1. In this fundamental knowledge that God is, it is necessarily implied that to some extent men know what God is, namely, (a) a Reason in which their mental processes are grounded; (b) a Power above them upon which they are dependent; (c) a Perfection which imposes law upon their moral natures; (d) a Personality which they may recognize in prayer and worship.

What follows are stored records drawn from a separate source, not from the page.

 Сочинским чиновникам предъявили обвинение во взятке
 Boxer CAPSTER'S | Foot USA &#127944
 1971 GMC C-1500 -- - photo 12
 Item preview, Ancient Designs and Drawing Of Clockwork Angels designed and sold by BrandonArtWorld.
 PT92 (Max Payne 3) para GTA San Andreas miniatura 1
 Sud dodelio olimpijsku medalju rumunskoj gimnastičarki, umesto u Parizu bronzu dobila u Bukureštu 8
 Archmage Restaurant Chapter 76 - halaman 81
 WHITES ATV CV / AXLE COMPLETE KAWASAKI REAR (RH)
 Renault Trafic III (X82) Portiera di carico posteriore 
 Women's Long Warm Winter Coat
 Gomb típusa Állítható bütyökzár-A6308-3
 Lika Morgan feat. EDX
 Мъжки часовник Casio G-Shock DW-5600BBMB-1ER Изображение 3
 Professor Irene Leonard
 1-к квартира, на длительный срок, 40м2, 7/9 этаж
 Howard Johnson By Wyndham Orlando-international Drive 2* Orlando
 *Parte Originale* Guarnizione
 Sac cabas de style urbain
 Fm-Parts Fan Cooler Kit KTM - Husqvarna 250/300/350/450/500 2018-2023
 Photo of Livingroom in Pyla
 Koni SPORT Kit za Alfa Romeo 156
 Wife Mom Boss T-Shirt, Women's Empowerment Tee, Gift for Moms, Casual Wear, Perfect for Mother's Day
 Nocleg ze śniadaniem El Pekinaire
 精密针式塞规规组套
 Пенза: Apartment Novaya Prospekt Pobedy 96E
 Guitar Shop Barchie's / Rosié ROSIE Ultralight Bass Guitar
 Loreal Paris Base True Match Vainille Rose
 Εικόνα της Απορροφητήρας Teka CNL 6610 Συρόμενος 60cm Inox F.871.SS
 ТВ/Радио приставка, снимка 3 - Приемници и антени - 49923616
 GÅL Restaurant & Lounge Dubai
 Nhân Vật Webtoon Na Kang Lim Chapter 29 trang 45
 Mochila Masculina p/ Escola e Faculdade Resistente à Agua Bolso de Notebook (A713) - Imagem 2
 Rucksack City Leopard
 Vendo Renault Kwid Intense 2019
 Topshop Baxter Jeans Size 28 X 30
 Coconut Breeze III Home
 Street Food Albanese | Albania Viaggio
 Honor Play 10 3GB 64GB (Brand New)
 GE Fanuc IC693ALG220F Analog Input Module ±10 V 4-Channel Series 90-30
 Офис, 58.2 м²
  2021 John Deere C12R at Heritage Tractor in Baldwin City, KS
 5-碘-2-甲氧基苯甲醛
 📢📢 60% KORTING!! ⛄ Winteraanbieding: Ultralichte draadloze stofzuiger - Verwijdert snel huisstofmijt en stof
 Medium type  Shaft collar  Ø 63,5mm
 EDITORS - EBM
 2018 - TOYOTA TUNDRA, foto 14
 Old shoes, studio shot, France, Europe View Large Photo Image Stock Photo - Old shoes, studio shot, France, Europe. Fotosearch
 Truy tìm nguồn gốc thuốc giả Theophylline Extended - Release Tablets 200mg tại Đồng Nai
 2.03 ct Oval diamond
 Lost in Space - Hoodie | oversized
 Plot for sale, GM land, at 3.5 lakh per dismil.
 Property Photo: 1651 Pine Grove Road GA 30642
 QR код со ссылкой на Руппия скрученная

In maintaining that we have a rational intuition of God, we by no means imply that a presentative intuition of God is impossible. Such a presentative intuition was perhaps characteristic of unfallen man; it does belong at times to the Christian; it will be the blessing of heaven (Mat. 5:8—“The pure in heart . . . shall see God”; Rev. 22:4—“they shall see his face”). Men’s experiences of face-to-face apprehension of God, in danger and guilt give some reason to believe that a presentative knowledge of God is the normal condition of humanity. But, as this presentative knowledge of God is not in our present state universal, we here claim only that all men have a rational intuition of God.

It is to be remembered, however, that the loss of love to God has greatly obscured even this rational intuition, so that the revelation of nature and the Scriptures is needed to awaken, confirm, and enlarge it, and the special work of the Spirit of Christ to make it the knowledge of friendship and communion. Thus from knowing about God, we come to know God (John 17:3—“This is life eternal, that they should know thee”; 2 Tim. 1:12—“I know him whom I have believed”).

2. The Scriptures, therefore, do not attempt to prove the existence of God, but, on the other hand, both assume and declare that the knowledge that God is, is universal (Rom. 1:19-21, 28, 2; 2:15). God has inlaid the evidence of this fundamental truth in the very nature of man, so that nowhere is he without a witness. The preacher may confidently follow the example of Scripture by assuming it. But he must also explicitly declare it, as the Scripture does. “For the invisible things of him since the creation of the world are clearly seen” (καθοραται–spiritually viewed); the organ given for this purpose is the νους (νοουμενα); but then—and this forms the transition to our next division of the subject—they are “perceived through the things that are made” (τοις ποιήμασι Rom. 1:20).